Baca: Banteng Surabaya Kerja Bakti Bersih-Bersih Kampung
Politikus PDI Perjuangan itu memulai kegiatan penjaringan aspirasi masyarakat di kawasan Surabaya Timur. Dia menerima curhat dari kalangan RT, RW, LPMK, dan ibu-ibu Kader Surabaya Hebat (KSH), PKK, jemaah pengajian, serta kaum muda dan karang taruna
Salah satu isu yang hangat dibahas adalah kemiskinan. Di Surabaya, awalnya warga miskin kerap disebut masyarakat berpenghasilan rendah (MBR). Belakangan, namanya berubah menjadi warga miskin atau gamis. ’’Perubahan itu diikuti berkurangnya jumlah warga MBR ke gamis. Jadi, apa sebenarnya yang menjadi tolok ukur warga digolongkan tidak mampu atau miskin?’’ ungkap Mariana dari Kali Rungkut.
Di kawasan perkampungan Gununganyar Tambak, Adi mendapat curhat yang sama. Keluhan masyarakat masih tentang ketidakpastian indikator keluarga miskin. ’’Kalau ukurannya warga miskin yakni rumah terbuat dari dinding kayu atau bambu, lantai tanah, dan penghasilan di bawah Rp 1 juta, ya sangat sedikit,’’ ucap Fausi, warga Gunungayar.
Di Kota Surabaya, warga miskin mendapat berbagai intervensi kebijakan pendidikan, kesehatan, dan perbaikan rumah tak layak huni. Ada juga bantuan permakanan satu kali sehari untuk warga lansia tidak mampu, warga disabilitas, dan anak yatim piatu. Adi menerima laporan bahwa banyak data MBR yang dicoret. Hal itu mempersulit warga yang dulunya terdaftar MBR karena tak mendapatkan bantuan.
’’Banyak warga lansia, penyandang disabilitas, dan anak yatim piatu yang dulu menerima bantuan permakanan, sekarang tidak lagi karena datanya hilang atau dicoret,’’ kata Mega dari Kalijudan.
Selain itu, mencuat curhat warga terkait pemasangan stiker Keluarga Miskin yang ramai diberitakan media massa dan mengundang polemik dari legislator. Warga menyebut hal itu terkesan kurang etis.
Adi menampung semua keluhan itu. Dia menjelaskan, DPRD Kota Surabaya tengah membahas raperda pengentasan kemiskinan. Pembahasan dilakukan sinergis dengan Pemkot Surabaya. Dia juga sepakat dicari istilah lain dari keluarga miskin dalam penempelanstiker.
"Misalkan,diganti keluarga pra sejahtera. Atau stiker hanya barcode. Ketika dilihat di HP, keluar identitasnya," jelasnya.
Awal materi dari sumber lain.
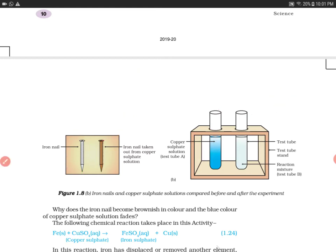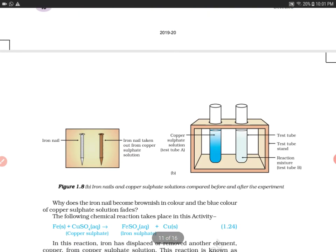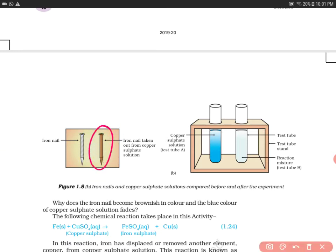Referring to figure 1.8A, we can see two iron nails. When we remove the iron nail from the copper sulfate solution, we will see that the iron nail is brownish in color.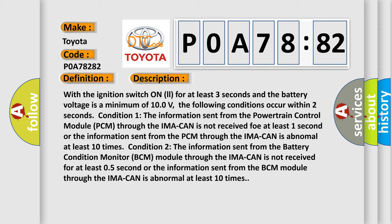Condition one: The information sent from the powertrain control module PCM through the IMA CAN is not received for at least one second, or the information sent from the PCM through the IMA CAN is abnormal at least 10 times.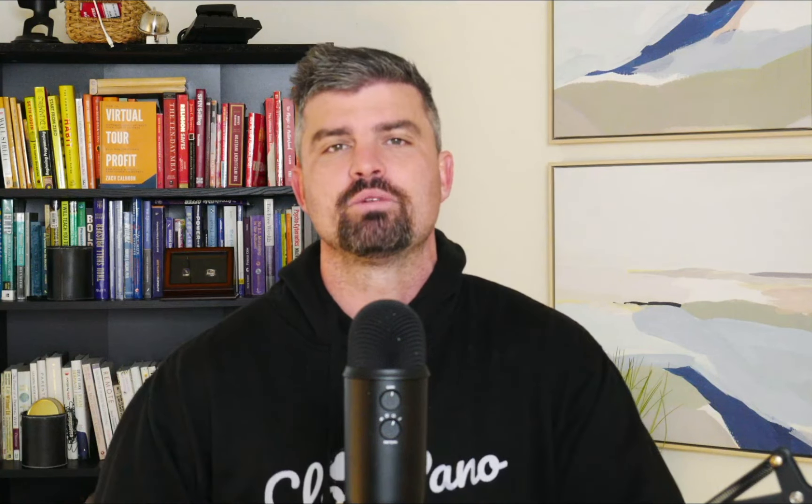Then when you send over your proposal and get your signatures, you're going to know and be comfortable from the phone call that you're going to get a conversion and your sales process is tight. That's what we want — we want your sales process to go well and be profitable.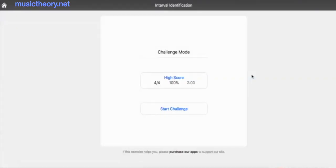This is how we do a challenge on musictheory.net. This is the interval challenge, interval identification for written intervals. I'm going to click Start Challenge and then show you how to post your scores to the chat.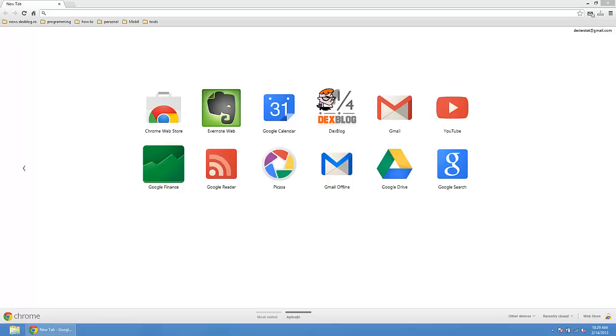So a lot of people have problems with AVG secure search page. You install something and that software changes your default homepage or default search engine into AVG secure search page. So how can you change that?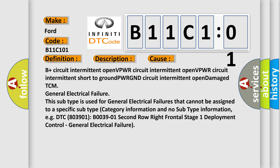This subtype is used for general electrical failures that cannot be assigned to a specific subtype category information and no subtype information. For example, DTC B003901: Second row right frontal stage 1 deployment control - general electrical failure.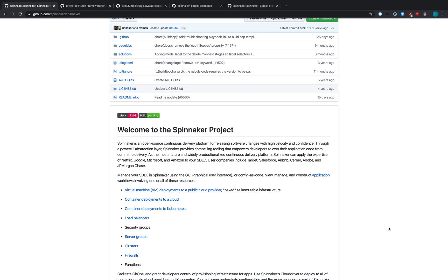Thanks for joining today. I'm Cameron Motavasolani, a software engineer here at Armory, and today I want to talk about plugins in Spinnaker.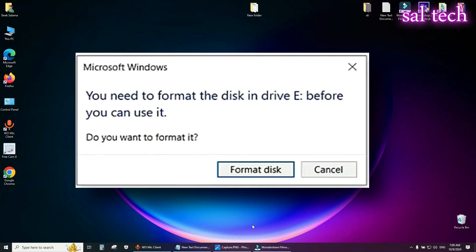How to fix this error when you try to use your USB. You need to format the disk before you can use it. There are two methods to fix this error, just follow me.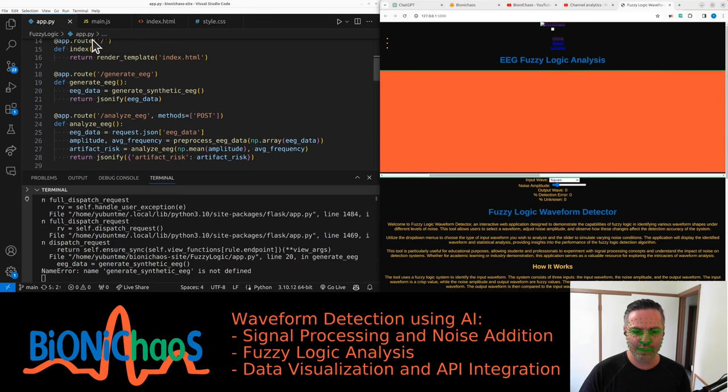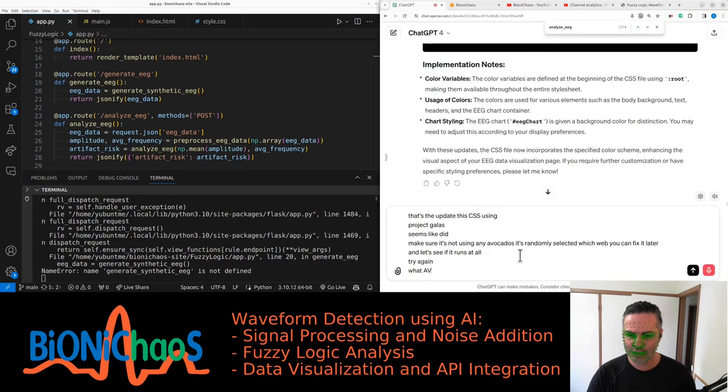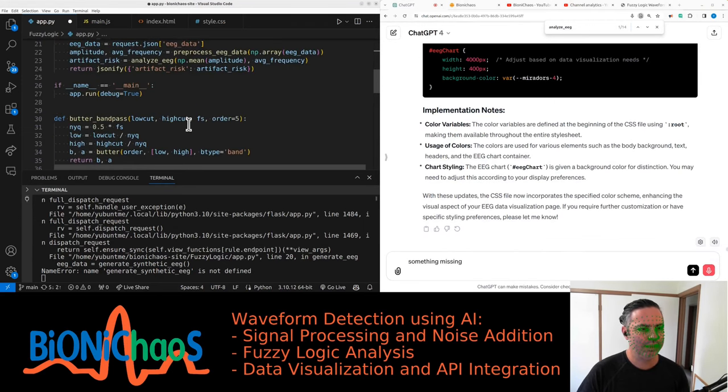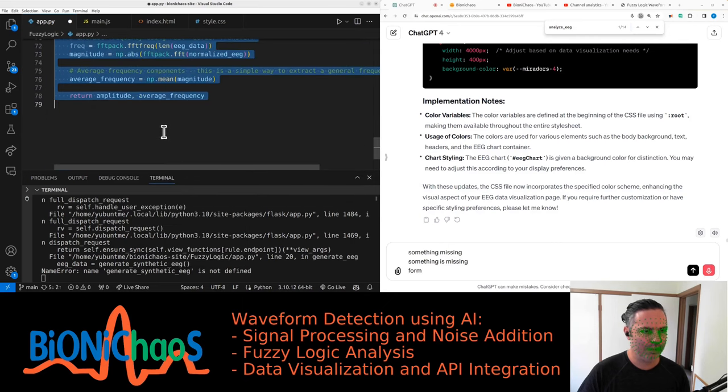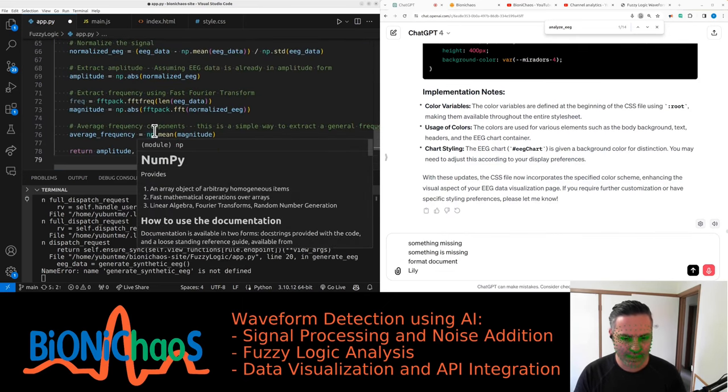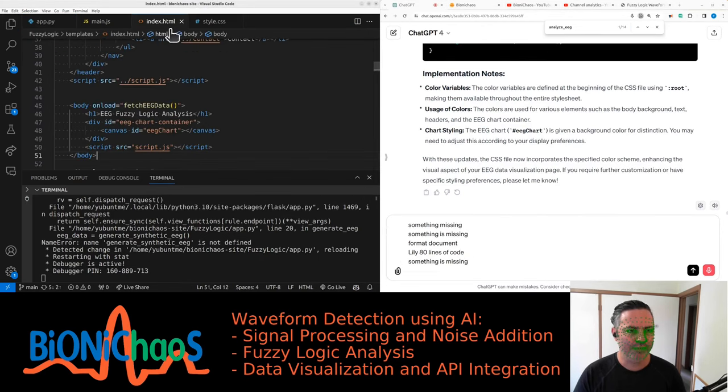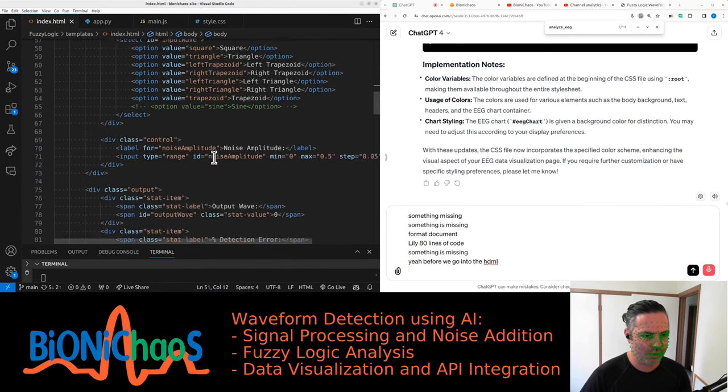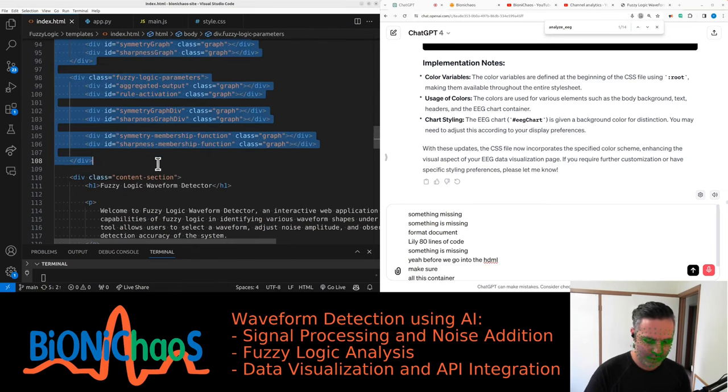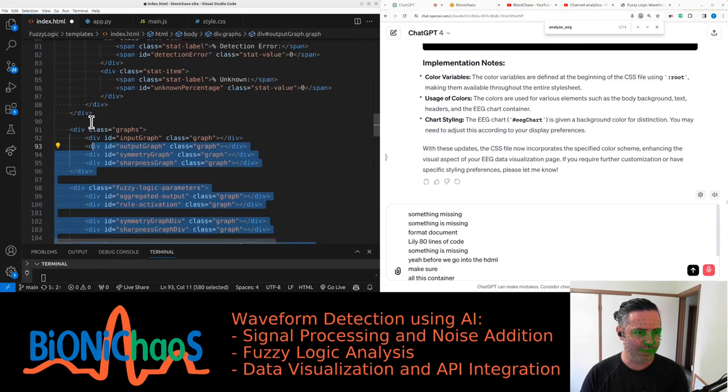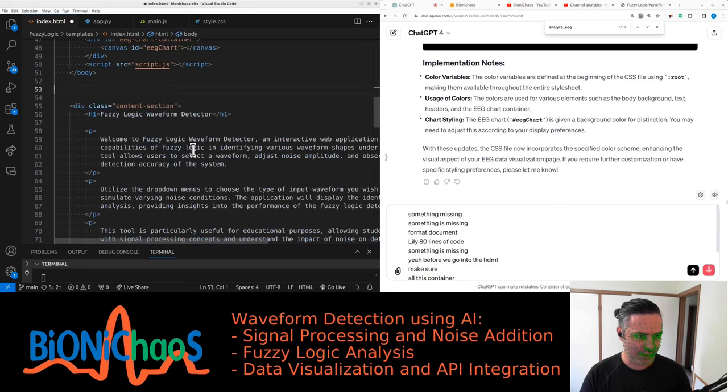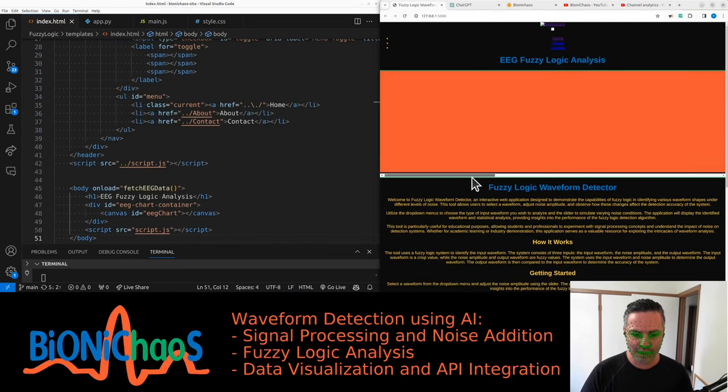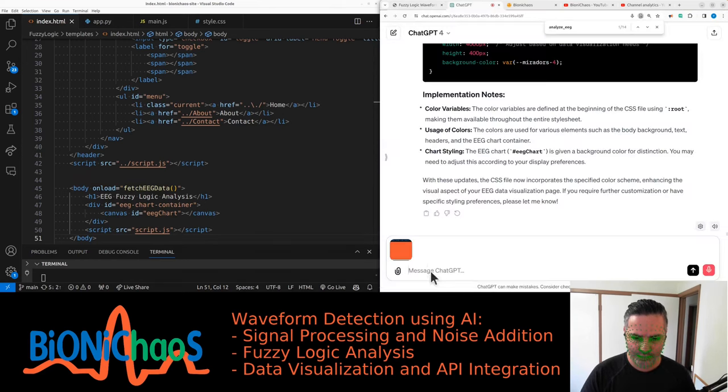Let's try again. Don't need any of the other stuff anymore. Something is missing. Format document. It's only 80 lines of code. Something is missing. Before we go into the HTML, just make sure all this container. How do you comment out in HTML? Let's get rid of it. Because there's a comment in the middle, so then you can't comment the whole section. HTML is silly that way.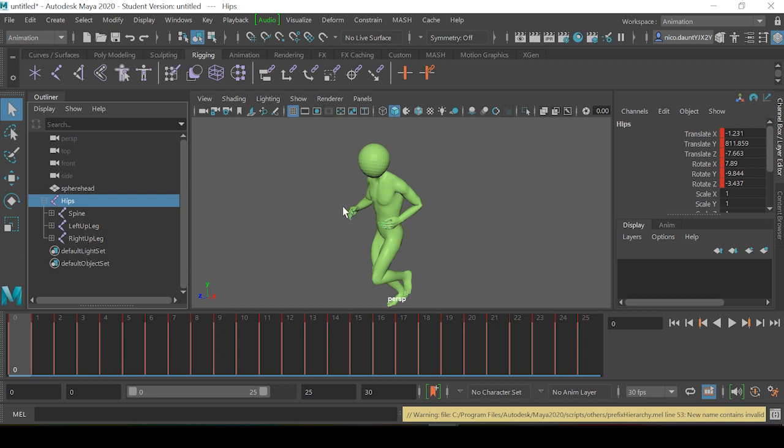So now, what if we wanted to add our own prefix so that this Mixamo rig matches the naming convention of our current project? So that we could script with it or just to better organize our project in general.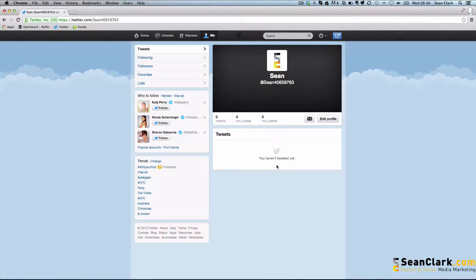Creating lists on Twitter is a great way to segregate people you're following and keep an eye on certain market sectors, or groups of people with similar interests or areas, without their updates disappearing in the main home stream. If you've got a very busy Twitter account or one or two very active people, they can fill up your home screen and you can miss important updates from others you want to track.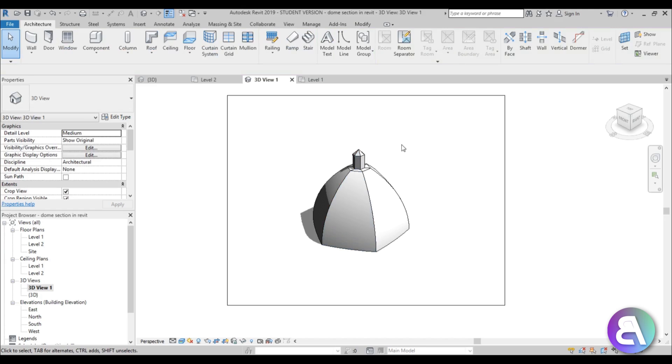Okay, so we've got our dome and now it's time to create this section. Now we will be creating this by creating two different renderings and then bringing them together in Photoshop.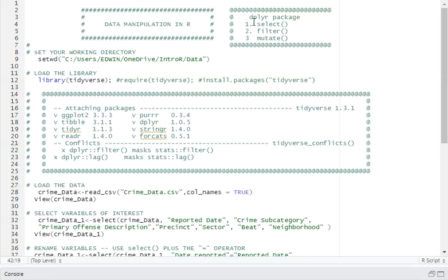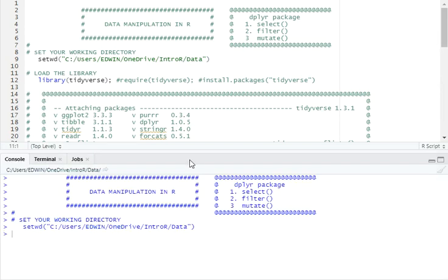This is data manipulation using the dplyr package in R. The first thing we need to do is set our working directory. I have set mine to a location where I have saved my data. Running this command will set my location, and as you can see from the console, the command has run without any error.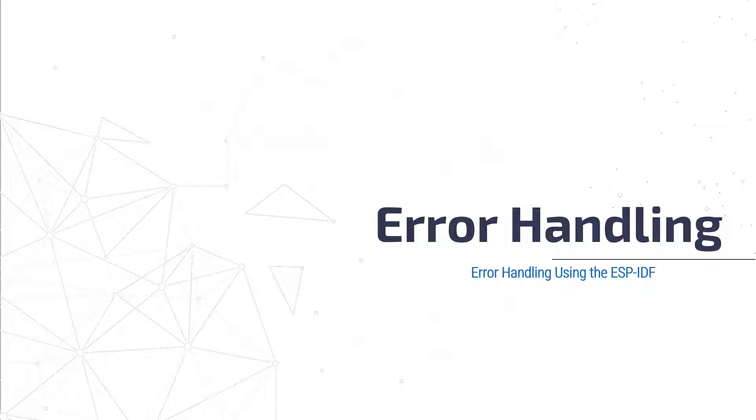Okay, so error handling is important to consider when creating a robust application, and here we'll cover error handling using the ESP-IDF.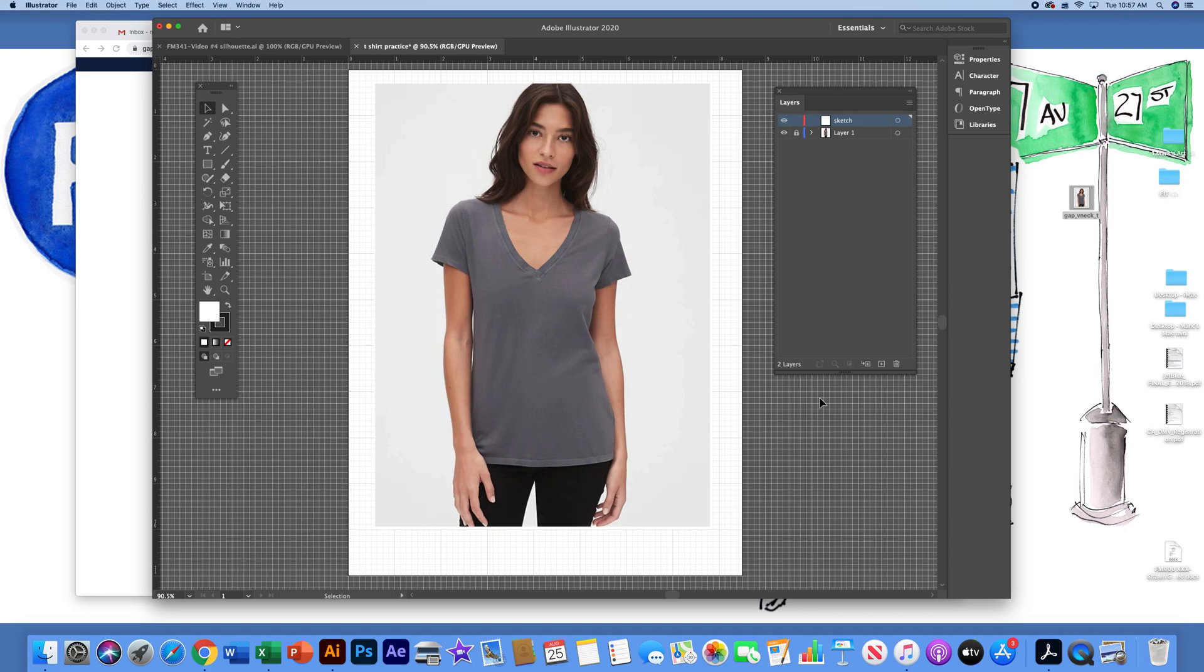I'm going to end this right now and the next video I will do will be how to use the pen tool to actually create the sketch.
Melalui berbagai program pemerintahan, DPRD Kota Surabaya dan Wali Kota Eri Cahyadi bersama Pemkot Surabaya berkomitmen untuk terus menekan angka kemiskinan di Kota Pahlawan. Terutama dengan mendorong pertumbuhan sektor UMKM dan penyerapan tenaga kerja produktif.
Baca: Banteng Kota Surabaya Tanam Pohon & Bersih-bersih di DAS
Adi juga menjelaskan sejumlah kemajuan Kota Surabaya yang dipimpin Wali Kota Eri Cahyadi dan Wakil Wali Kota Armuji dengan dukungan DPRD Kota Surabaya. Salah satunya, mendekatkan pelayanan kepada masyarakat dengan instrumen berbasis elektronik.
’’Pelayanan adminduk harus tuntas di kelurahan,’’ terangnya.
Juga, layanan jemput bola petugas kelurahan ke balai-balai RW satu minggu dua kali. Adi juga memaparkan program Pemkot Surabaya, setelah disetujui DPRD, tentang perbaikan 8 ribu jamban bagi penduduk. Ada juga perbaikan 3.500 rumah tak layak huni. ’’Juga tahun 2023 diluncurkan beasiswa bagi 25 ribu pelajar SMA/SMK sederajat, negeri dan swasta, dari keluarga tidak mampu,’’ paparnya.
Adi mengapresiasi Eri Cahyadi dan Pemkot Surabaya yang mendirikan rumah-rumah padat karya. Inovasi itu bertujuan menekan angka pengangguran dan mengungkit penguatan ekonomi keluarga-keluarga tidak mampu.